YOUR INSTRUCTIONS >>
Omit the pictures and retype only the lines from the one containing "5 Of The Most" through the end of the listing, both ends included.

DATASET >>
◆ ◆ ◆ ◆

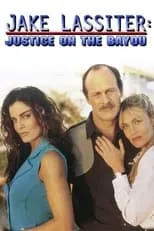 Portada de Jake Lassiter: Justice on the Bayou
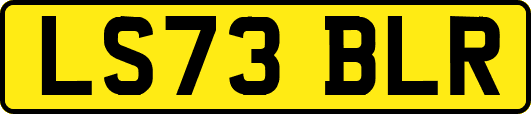 LS73BLR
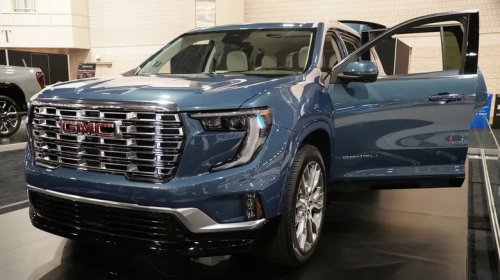 5 Of The Most Reliable Self-Driving Car Modes, According To Users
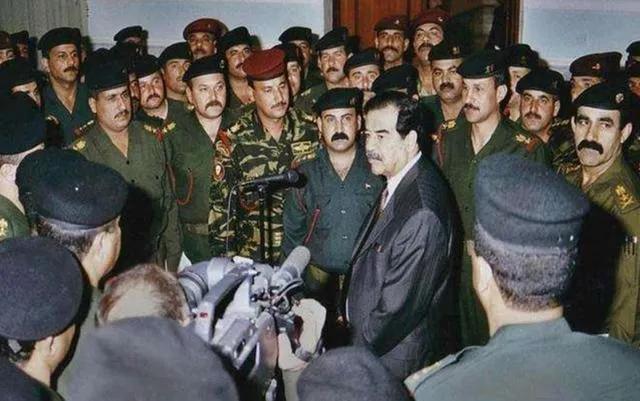 两伊战争到底谁胜了？插图21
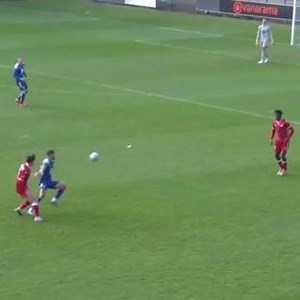 2.7K views · 31 reactions | On this day in 2021 ️ Goals from Michael Cheek and James Alabi lifted us into the National League play-offs with a 2-1 victory at Halifax Town  #WeAreBromley | #ThrowbackThursday | Bromley FC | Facebook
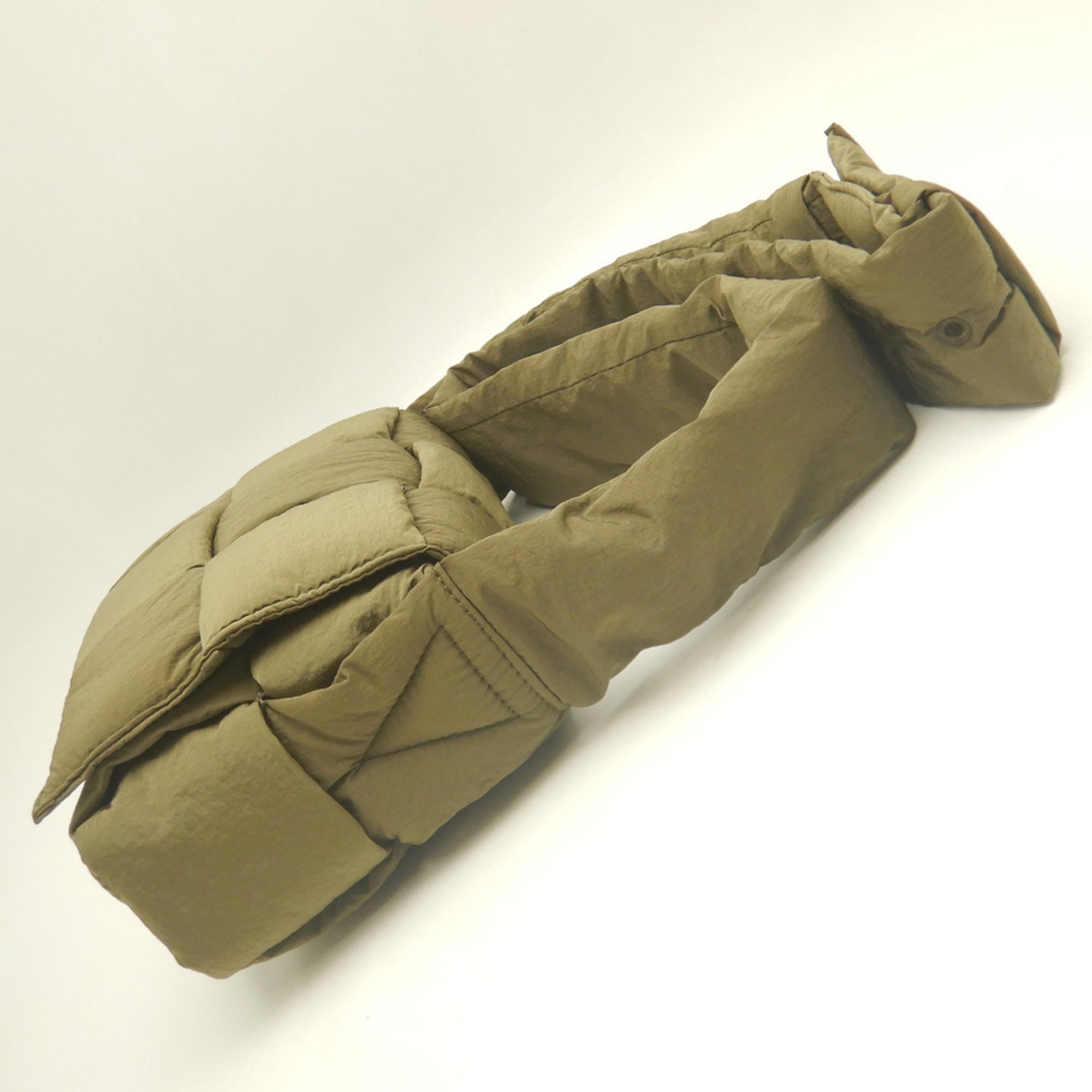 Nylon Shoulder Bag (Pre-Owned) - Bottega Veneta - Modalova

◆ ◆ ◆ ◆

ANSWER SPACE >>
 5 Of The Most Reliable Self-Driving Car Modes, According To Users
 两伊战争到底谁胜了？插图21
 2.7K views · 31 reactions | On this day in 2021 ️ Goals from Michael Cheek and James Alabi lifted us into the National League play-offs with a 2-1 victory at Halifax Town  #WeAreBromley | #ThrowbackThursday | Bromley FC | Facebook
 Nylon Shoulder Bag (Pre-Owned) - Bottega Veneta - Modalova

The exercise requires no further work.